## Supplied material
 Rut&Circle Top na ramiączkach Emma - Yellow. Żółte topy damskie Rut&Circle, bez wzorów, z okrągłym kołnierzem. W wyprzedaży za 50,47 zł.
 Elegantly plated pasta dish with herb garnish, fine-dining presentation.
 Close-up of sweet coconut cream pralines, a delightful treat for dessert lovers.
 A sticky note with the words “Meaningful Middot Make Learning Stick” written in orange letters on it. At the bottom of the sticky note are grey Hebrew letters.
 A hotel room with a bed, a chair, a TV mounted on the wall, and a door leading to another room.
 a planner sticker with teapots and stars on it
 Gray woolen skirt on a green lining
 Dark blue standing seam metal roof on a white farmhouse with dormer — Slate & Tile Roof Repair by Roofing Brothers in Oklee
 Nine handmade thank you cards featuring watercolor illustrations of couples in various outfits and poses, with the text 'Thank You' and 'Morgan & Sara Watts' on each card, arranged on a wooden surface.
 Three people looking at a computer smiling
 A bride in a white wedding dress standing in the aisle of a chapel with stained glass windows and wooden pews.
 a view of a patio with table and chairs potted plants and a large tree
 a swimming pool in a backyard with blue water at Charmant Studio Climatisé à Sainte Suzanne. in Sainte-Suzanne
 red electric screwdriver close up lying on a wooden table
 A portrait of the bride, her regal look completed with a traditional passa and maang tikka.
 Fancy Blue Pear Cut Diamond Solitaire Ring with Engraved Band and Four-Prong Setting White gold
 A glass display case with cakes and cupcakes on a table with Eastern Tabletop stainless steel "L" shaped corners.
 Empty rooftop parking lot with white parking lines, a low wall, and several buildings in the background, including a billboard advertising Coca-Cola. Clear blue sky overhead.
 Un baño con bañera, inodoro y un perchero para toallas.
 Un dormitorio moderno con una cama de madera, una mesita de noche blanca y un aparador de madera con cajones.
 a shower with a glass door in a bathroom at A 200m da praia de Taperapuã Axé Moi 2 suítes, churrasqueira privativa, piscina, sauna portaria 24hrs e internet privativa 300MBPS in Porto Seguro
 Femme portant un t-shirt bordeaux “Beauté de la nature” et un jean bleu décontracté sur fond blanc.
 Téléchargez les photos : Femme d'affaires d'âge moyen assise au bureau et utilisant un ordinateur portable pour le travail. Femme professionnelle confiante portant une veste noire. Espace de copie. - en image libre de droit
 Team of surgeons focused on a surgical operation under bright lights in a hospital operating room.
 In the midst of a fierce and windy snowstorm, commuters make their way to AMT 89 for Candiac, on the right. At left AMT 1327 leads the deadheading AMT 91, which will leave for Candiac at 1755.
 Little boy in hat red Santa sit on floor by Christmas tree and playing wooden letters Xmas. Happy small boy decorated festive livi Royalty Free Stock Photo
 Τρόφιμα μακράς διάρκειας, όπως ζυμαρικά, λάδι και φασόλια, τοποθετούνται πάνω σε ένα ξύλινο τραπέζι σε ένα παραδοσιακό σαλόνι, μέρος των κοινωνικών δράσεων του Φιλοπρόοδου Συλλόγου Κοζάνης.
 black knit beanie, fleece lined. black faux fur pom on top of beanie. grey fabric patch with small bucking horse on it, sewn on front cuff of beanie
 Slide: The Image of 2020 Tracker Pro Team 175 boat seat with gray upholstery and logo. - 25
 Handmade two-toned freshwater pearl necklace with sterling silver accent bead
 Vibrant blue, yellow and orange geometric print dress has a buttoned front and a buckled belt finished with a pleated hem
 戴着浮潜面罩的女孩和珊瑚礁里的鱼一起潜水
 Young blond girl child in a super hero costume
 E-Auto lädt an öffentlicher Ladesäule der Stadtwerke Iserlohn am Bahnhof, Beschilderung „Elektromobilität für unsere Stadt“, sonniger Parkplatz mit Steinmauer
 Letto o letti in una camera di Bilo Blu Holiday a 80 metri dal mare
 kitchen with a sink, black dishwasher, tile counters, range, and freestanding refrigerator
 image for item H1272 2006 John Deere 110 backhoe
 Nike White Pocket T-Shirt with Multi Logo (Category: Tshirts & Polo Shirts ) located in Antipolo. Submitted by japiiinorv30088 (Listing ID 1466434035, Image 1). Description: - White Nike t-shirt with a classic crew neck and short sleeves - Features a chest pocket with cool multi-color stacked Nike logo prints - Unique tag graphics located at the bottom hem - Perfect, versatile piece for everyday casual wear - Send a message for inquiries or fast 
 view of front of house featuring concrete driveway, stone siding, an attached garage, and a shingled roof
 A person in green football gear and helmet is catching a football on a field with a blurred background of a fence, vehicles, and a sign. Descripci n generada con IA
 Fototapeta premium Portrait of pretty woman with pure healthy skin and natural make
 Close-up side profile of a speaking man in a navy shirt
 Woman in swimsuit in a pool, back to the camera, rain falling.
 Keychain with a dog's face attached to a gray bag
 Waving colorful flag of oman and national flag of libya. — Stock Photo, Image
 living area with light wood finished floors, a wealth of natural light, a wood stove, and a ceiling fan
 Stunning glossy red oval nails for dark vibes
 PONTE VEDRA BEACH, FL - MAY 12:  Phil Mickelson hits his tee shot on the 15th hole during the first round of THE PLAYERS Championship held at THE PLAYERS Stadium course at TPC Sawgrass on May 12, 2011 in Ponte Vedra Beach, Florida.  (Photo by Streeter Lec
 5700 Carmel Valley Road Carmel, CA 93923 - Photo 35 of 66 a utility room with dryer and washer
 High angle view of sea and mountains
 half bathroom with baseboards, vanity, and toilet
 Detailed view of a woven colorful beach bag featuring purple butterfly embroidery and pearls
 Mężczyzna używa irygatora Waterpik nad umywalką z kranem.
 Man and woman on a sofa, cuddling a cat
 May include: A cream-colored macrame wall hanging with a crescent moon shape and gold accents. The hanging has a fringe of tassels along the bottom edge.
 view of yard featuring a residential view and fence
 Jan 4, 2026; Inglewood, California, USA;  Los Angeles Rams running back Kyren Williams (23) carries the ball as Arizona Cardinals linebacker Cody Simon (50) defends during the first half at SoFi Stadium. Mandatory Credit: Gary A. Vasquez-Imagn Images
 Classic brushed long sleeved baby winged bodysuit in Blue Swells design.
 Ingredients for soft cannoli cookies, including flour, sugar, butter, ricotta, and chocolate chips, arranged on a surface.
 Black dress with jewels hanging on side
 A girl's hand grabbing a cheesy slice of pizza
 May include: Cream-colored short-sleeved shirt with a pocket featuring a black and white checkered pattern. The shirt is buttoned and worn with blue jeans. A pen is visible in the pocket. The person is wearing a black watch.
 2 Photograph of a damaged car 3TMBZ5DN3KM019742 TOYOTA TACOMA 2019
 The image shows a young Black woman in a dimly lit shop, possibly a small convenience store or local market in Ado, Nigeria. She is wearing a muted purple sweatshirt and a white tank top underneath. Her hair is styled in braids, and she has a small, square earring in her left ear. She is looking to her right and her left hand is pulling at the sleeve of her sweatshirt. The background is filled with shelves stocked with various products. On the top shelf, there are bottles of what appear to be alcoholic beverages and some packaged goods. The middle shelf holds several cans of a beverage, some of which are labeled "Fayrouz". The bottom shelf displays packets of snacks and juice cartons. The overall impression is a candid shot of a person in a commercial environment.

## Work instruction
The records above need to be transcribed in full. Keep every character unchanged.

## Written solution
 Rut&Circle Top na ramiączkach Emma - Yellow. Żółte topy damskie Rut&Circle, bez wzorów, z okrągłym kołnierzem. W wyprzedaży za 50,47 zł.
 Elegantly plated pasta dish with herb garnish, fine-dining presentation.
 Close-up of sweet coconut cream pralines, a delightful treat for dessert lovers.
 A sticky note with the words “Meaningful Middot Make Learning Stick” written in orange letters on it. At the bottom of the sticky note are grey Hebrew letters.
 A hotel room with a bed, a chair, a TV mounted on the wall, and a door leading to another room.
 a planner sticker with teapots and stars on it
 Gray woolen skirt on a green lining
 Dark blue standing seam metal roof on a white farmhouse with dormer — Slate & Tile Roof Repair by Roofing Brothers in Oklee
 Nine handmade thank you cards featuring watercolor illustrations of couples in various outfits and poses, with the text 'Thank You' and 'Morgan & Sara Watts' on each card, arranged on a wooden surface.
 Three people looking at a computer smiling
 A bride in a white wedding dress standing in the aisle of a chapel with stained glass windows and wooden pews.
 a view of a patio with table and chairs potted plants and a large tree
 a swimming pool in a backyard with blue water at Charmant Studio Climatisé à Sainte Suzanne. in Sainte-Suzanne
 red electric screwdriver close up lying on a wooden table
 A portrait of the bride, her regal look completed with a traditional passa and maang tikka.
 Fancy Blue Pear Cut Diamond Solitaire Ring with Engraved Band and Four-Prong Setting White gold
 A glass display case with cakes and cupcakes on a table with Eastern Tabletop stainless steel "L" shaped corners.
 Empty rooftop parking lot with white parking lines, a low wall, and several buildings in the background, including a billboard advertising Coca-Cola. Clear blue sky overhead.
 Un baño con bañera, inodoro y un perchero para toallas.
 Un dormitorio moderno con una cama de madera, una mesita de noche blanca y un aparador de madera con cajones.
 a shower with a glass door in a bathroom at A 200m da praia de Taperapuã Axé Moi 2 suítes, churrasqueira privativa, piscina, sauna portaria 24hrs e internet privativa 300MBPS in Porto Seguro
 Femme portant un t-shirt bordeaux “Beauté de la nature” et un jean bleu décontracté sur fond blanc.
 Téléchargez les photos : Femme d'affaires d'âge moyen assise au bureau et utilisant un ordinateur portable pour le travail. Femme professionnelle confiante portant une veste noire. Espace de copie. - en image libre de droit
 Team of surgeons focused on a surgical operation under bright lights in a hospital operating room.
 In the midst of a fierce and windy snowstorm, commuters make their way to AMT 89 for Candiac, on the right. At left AMT 1327 leads the deadheading AMT 91, which will leave for Candiac at 1755.
 Little boy in hat red Santa sit on floor by Christmas tree and playing wooden letters Xmas. Happy small boy decorated festive livi Royalty Free Stock Photo
 Τρόφιμα μακράς διάρκειας, όπως ζυμαρικά, λάδι και φασόλια, τοποθετούνται πάνω σε ένα ξύλινο τραπέζι σε ένα παραδοσιακό σαλόνι, μέρος των κοινωνικών δράσεων του Φιλοπρόοδου Συλλόγου Κοζάνης.
 black knit beanie, fleece lined. black faux fur pom on top of beanie. grey fabric patch with small bucking horse on it, sewn on front cuff of beanie
 Slide: The Image of 2020 Tracker Pro Team 175 boat seat with gray upholstery and logo. - 25
 Handmade two-toned freshwater pearl necklace with sterling silver accent bead
 Vibrant blue, yellow and orange geometric print dress has a buttoned front and a buckled belt finished with a pleated hem
 戴着浮潜面罩的女孩和珊瑚礁里的鱼一起潜水
 Young blond girl child in a super hero costume
 E-Auto lädt an öffentlicher Ladesäule der Stadtwerke Iserlohn am Bahnhof, Beschilderung „Elektromobilität für unsere Stadt“, sonniger Parkplatz mit Steinmauer
 Letto o letti in una camera di Bilo Blu Holiday a 80 metri dal mare
 kitchen with a sink, black dishwasher, tile counters, range, and freestanding refrigerator
 image for item H1272 2006 John Deere 110 backhoe
 Nike White Pocket T-Shirt with Multi Logo (Category: Tshirts & Polo Shirts ) located in Antipolo. Submitted by japiiinorv30088 (Listing ID 1466434035, Image 1). Description: - White Nike t-shirt with a classic crew neck and short sleeves - Features a chest pocket with cool multi-color stacked Nike logo prints - Unique tag graphics located at the bottom hem - Perfect, versatile piece for everyday casual wear - Send a message for inquiries or fast 
 view of front of house featuring concrete driveway, stone siding, an attached garage, and a shingled roof
 A person in green football gear and helmet is catching a football on a field with a blurred background of a fence, vehicles, and a sign. Descripci n generada con IA
 Fototapeta premium Portrait of pretty woman with pure healthy skin and natural make
 Close-up side profile of a speaking man in a navy shirt
 Woman in swimsuit in a pool, back to the camera, rain falling.
 Keychain with a dog's face attached to a gray bag
 Waving colorful flag of oman and national flag of libya. — Stock Photo, Image
 living area with light wood finished floors, a wealth of natural light, a wood stove, and a ceiling fan
 Stunning glossy red oval nails for dark vibes
 PONTE VEDRA BEACH, FL - MAY 12:  Phil Mickelson hits his tee shot on the 15th hole during the first round of THE PLAYERS Championship held at THE PLAYERS Stadium course at TPC Sawgrass on May 12, 2011 in Ponte Vedra Beach, Florida.  (Photo by Streeter Lec
 5700 Carmel Valley Road Carmel, CA 93923 - Photo 35 of 66 a utility room with dryer and washer
 High angle view of sea and mountains
 half bathroom with baseboards, vanity, and toilet
 Detailed view of a woven colorful beach bag featuring purple butterfly embroidery and pearls
 Mężczyzna używa irygatora Waterpik nad umywalką z kranem.
 Man and woman on a sofa, cuddling a cat
 May include: A cream-colored macrame wall hanging with a crescent moon shape and gold accents. The hanging has a fringe of tassels along the bottom edge.
 view of yard featuring a residential view and fence
 Jan 4, 2026; Inglewood, California, USA;  Los Angeles Rams running back Kyren Williams (23) carries the ball as Arizona Cardinals linebacker Cody Simon (50) defends during the first half at SoFi Stadium. Mandatory Credit: Gary A. Vasquez-Imagn Images
 Classic brushed long sleeved baby winged bodysuit in Blue Swells design.
 Ingredients for soft cannoli cookies, including flour, sugar, butter, ricotta, and chocolate chips, arranged on a surface.
 Black dress with jewels hanging on side
 A girl's hand grabbing a cheesy slice of pizza
 May include: Cream-colored short-sleeved shirt with a pocket featuring a black and white checkered pattern. The shirt is buttoned and worn with blue jeans. A pen is visible in the pocket. The person is wearing a black watch.
 2 Photograph of a damaged car 3TMBZ5DN3KM019742 TOYOTA TACOMA 2019
 The image shows a young Black woman in a dimly lit shop, possibly a small convenience store or local market in Ado, Nigeria. She is wearing a muted purple sweatshirt and a white tank top underneath. Her hair is styled in braids, and she has a small, square earring in her left ear. She is looking to her right and her left hand is pulling at the sleeve of her sweatshirt. The background is filled with shelves stocked with various products. On the top shelf, there are bottles of what appear to be alcoholic beverages and some packaged goods. The middle shelf holds several cans of a beverage, some of which are labeled "Fayrouz". The bottom shelf displays packets of snacks and juice cartons. The overall impression is a candid shot of a person in a commercial environment.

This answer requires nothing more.